The federal government has played an active role in financing new firms, particularly in high-technology industries, since the Soviet Union’s launch of the Sputnik satellite. In recent years, European and Asian nations and many U.S. states have adopted similar initiatives. Although these programs’ precise structures have differed, the efforts have been predicated on two shared assumptions: (1) that the private sector provides insufficient capital to new firms, and (2) that the government either can identify investments that ultimately will yield high social and/or private returns or can encourage effective financial intermediaries.1 In contrast to many forms of government intervention designed to boost economic growth, such as privatization programs, these claims have received little scrutiny by economists.
The neglect of these questions is unfortunate.
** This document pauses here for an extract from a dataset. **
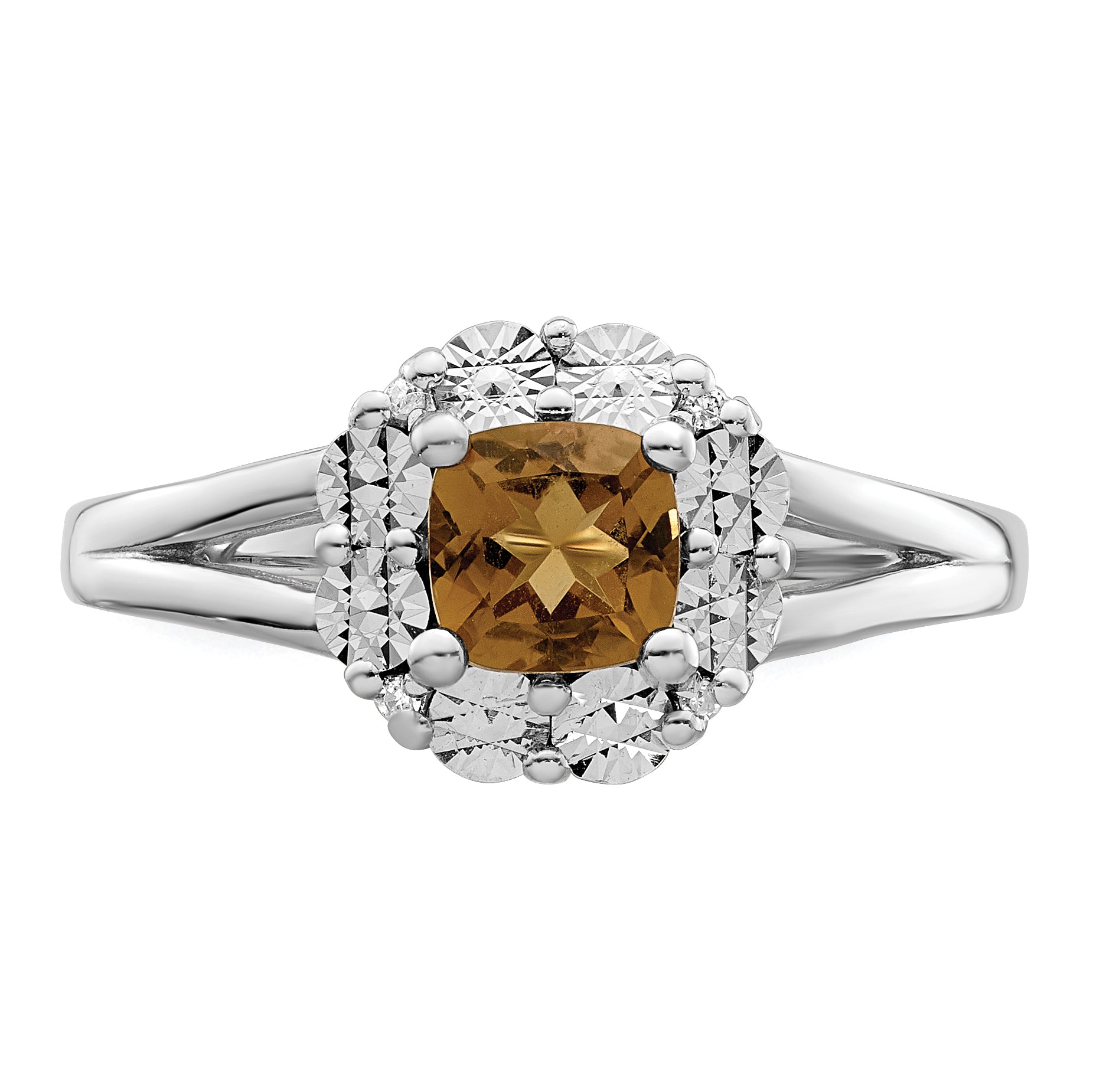 Sterling Silver Rhodium-Plated Whiskey Quartz Diamond Ring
Although the sums of money involved are modest relative to public expenditures on defense procurement or retiree benefits, these programs are very substantial when compared to contemporaneous private investments in new firms. Several examples, documented by Gompers and Lerner (1998b), underscore this point:
The Small Business Investment Company (SBIC) program led to the provision of more than $3 billion to young firms between 1958 and 1969, more than three times the total private venture capital investment during these years (Noone and Rubel, 1970).
In 1995, the sum of the equity financing provided through and guaranteed by public small business financing programs was $2.4 billion, more than 60 percent of the amount disbursed by traditional venture funds in that year. Perhaps more significant, the bulk of the public funds went to earlystage firms, which in the past decade had accounted for only about 30 percent of the disbursements by independent venture capital funds (Venture Economics, 1996).
Some of America’s most dynamic technology companies received support through the SBIC and the Small Business Innovation Research (SBIR) programs while the companies were still privately held entities, including Apple Computer, Chiron, Compaq, and Intel.
Public venture capital programs also have had a significant impact overseas: For example, Germany has created about 800 federal and state government financing programs for new firms over the past two decades, which provide the bulk of the financing for technology-intensive start-ups (OECD, 1995).
It is striking to note the similar emphasis on these rationales in, for instance, the statement of Senator John Sparkman (1958) upon passage of the Small Business Investment Act and the recent testimony of Dr. Mary Good (1995), Under Secretary for Technology at the U.S. Department of Commerce. The rationales for such programs are discussed in depth in a report from the U.S. Congressional Budget Office (1985).